Laienverbände würdigen Bätzings Einsatz
Die katholische Reformbewegung „Wir sind Kirche“ zeigte sich enttäuscht über den angekündigten Rückzug. Dieser sei ein „herber Rückschlag für alle anstehenden Reformen in der katholischen Kirche in Deutschland", wird Christian Weisner in der Augsburger Allgemeinen Zeitung zitiert.

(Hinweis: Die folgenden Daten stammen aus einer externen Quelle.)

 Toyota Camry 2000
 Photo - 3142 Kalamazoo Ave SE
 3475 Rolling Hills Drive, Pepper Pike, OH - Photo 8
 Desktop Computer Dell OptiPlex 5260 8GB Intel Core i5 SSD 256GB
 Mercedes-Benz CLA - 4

Auch die Katholische Frauengemeinschaft Deutschlands (kfd) bedauerte die Entscheidung Bätzings. „Wir danken ihm für seinen engagierten Einsatz, vor allem im Synodalen Weg", so die stellvertretende Vorsitzende des Bundesverbandes, Ulrike Göken-Huismann, die selbst Synodalin ist: In „einer Zeit tiefgreifender Krisen und großer Herausforderungen", die nicht nur die Katholische Kirche beträfen, habe er den „Synodalen Weg maßgeblich geprägt und mit großer persönlicher Verantwortung begleitet", so die Frauenvertreterin. Dabei habe er sich gegen „erheblichen Gegenwind" gestemmt, der „teils aus den eigenen Reihen wie auch aus Rom" gekommen sei.
Große Erwartungen
Von Bätzings Nachfolger erwarte man sich eine konsequente Weiterführung des Synodalen Prozesses, so die Vertreterin des Frauenverbandes, der sich eigener Aussage nach für die Zulassung von Frauen „zu allen Diensten und Ämtern" einsetzt.

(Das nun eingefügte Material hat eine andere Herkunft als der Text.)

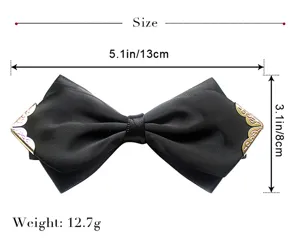 Papillon nero da uomo con angoli metallici dorati, accessorio elegante per abiti formali.
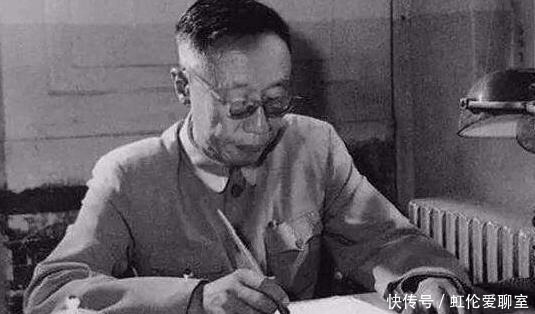 靠着他|为什么溥仪能度过动乱善终?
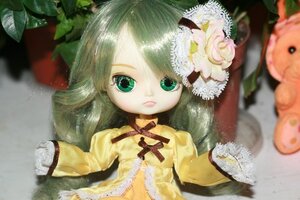 Rating: Safe Score: 0 Tags: 1girl blurry blurry_foreground depth_of_field doll dress drill_hair flower green_eyes green_hair hair_ornament kanaria long_hair photo rose solo stuffed_animal teddy_bear User: admin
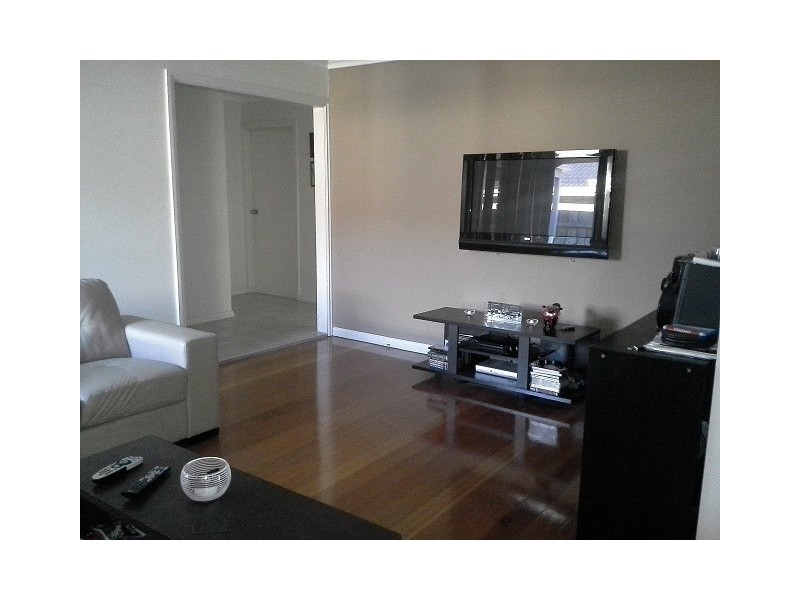 31 Neasham Drive, Dandenong North VIC 3175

Bischof Georg Bätzing hatte sich mehrfach dafür ausgesprochen, es zu ermöglichen, dass Frauen die Diakoninnenweihe gespendt werden könne - beim Amt des Diakons handelt es sich um eine Vorstufe zum Priesteramt. Um das Thema fachlich zu vertiefen, hatte Papst Franziskus eine eigene Kommission eingerichtet, die zwar die Möglichkeit einer Diakoninnenweihe verneint hatte, aber zu keinem abschließenden Ergebnis gekommen war und weitere Beschäftigung mit der Frage empfohlen hatte.

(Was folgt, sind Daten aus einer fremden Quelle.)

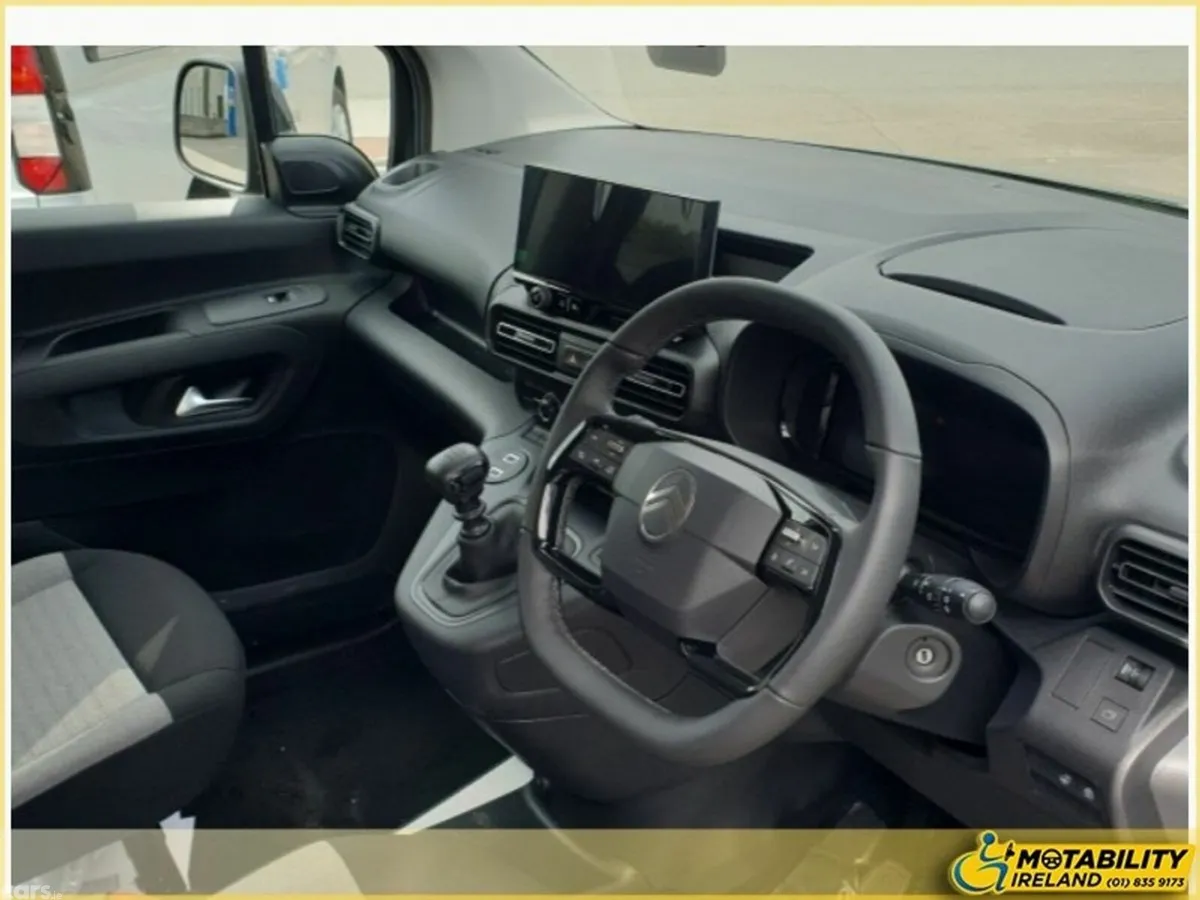 Citroen Berlingo Multispace MPV, Diesel, 2026, Antiqua Blue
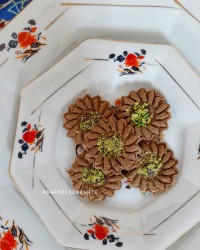 شیرینی سنتی سه آرد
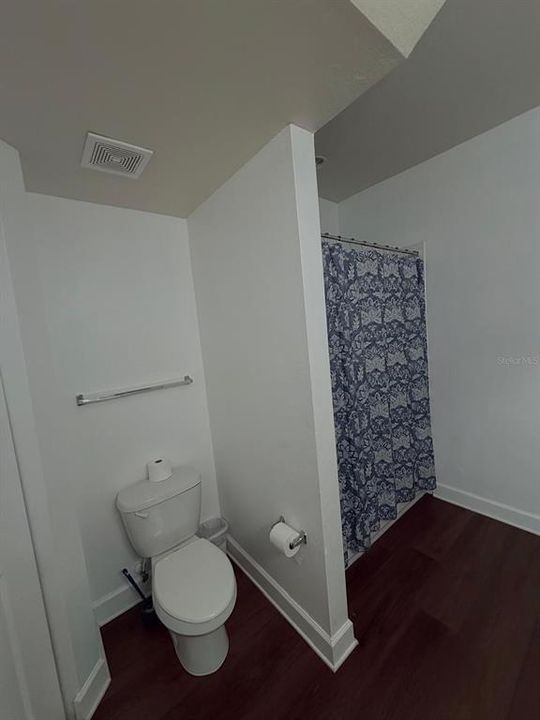 For Sale: $274,900 (3 beds, 2 baths, 1300 Square Feet)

Zur Frage nach der Zulassung von Frauen zu Weiheämtern zum Priesteramt hatte Johannes Paul II. in seinem Apostolischen Schreiben Ordinatio Sacerdotalis hingegen erklärt, dass die Kirche „keinerlei Vollmacht hat, Frauen die Priesterweihe zu spenden, und dass sich alle Gläubigen der Kirche endgültig an diese Entscheidung zu halten haben“.
Ökumenische Würdigung
Auch die Ratsvorsitzende der Evangelischen Kirche in Deutschland (EKD), Kirsten Fehrs, bedauert Bätzings Verzicht auf eine erneute Kandidatur als Vorsitzender der katholischen Bischofskonferenz. „Die Entscheidung von Bischof Bätzing, nicht erneut zur Wiederwahl anzutreten, bedaure ich persönlich“, erklärte Fehrs am Dienstag. Zugleich würdigte die Hamburger Bischöfin die gemeinsame Arbeit: „Uns verbindet eine lange, vertrauensvolle Zusammenarbeit, in der wir gemeinsam an unterschiedlichen Orten Verantwortung getragen und wichtige Fragen von Kirche und Gesellschaft im guten ökumenischen Miteinander beraten haben. Für diese Zusammenarbeit bin ich sehr dankbar.“
In einem Schreiben an die deutschen Bischöfe hatte Georg Bätzing im Vorfeld der kommenden Frühjahrsvollversammlung, bei der turnusmäßig die Wahl zum neuen Vorsitzenden stattfindet, darüber informiert, dass er für eine zweite Amtszeit nicht zur Verfügung stehen werde. Bereits seit mehreren Tagen mehrten sich die Anzeichen auf einen Rückzug Bätzings. Die nächste Vollversammlung der deutschen Bischöfe findet vom 23. bis 26. Februar in Würzburg statt.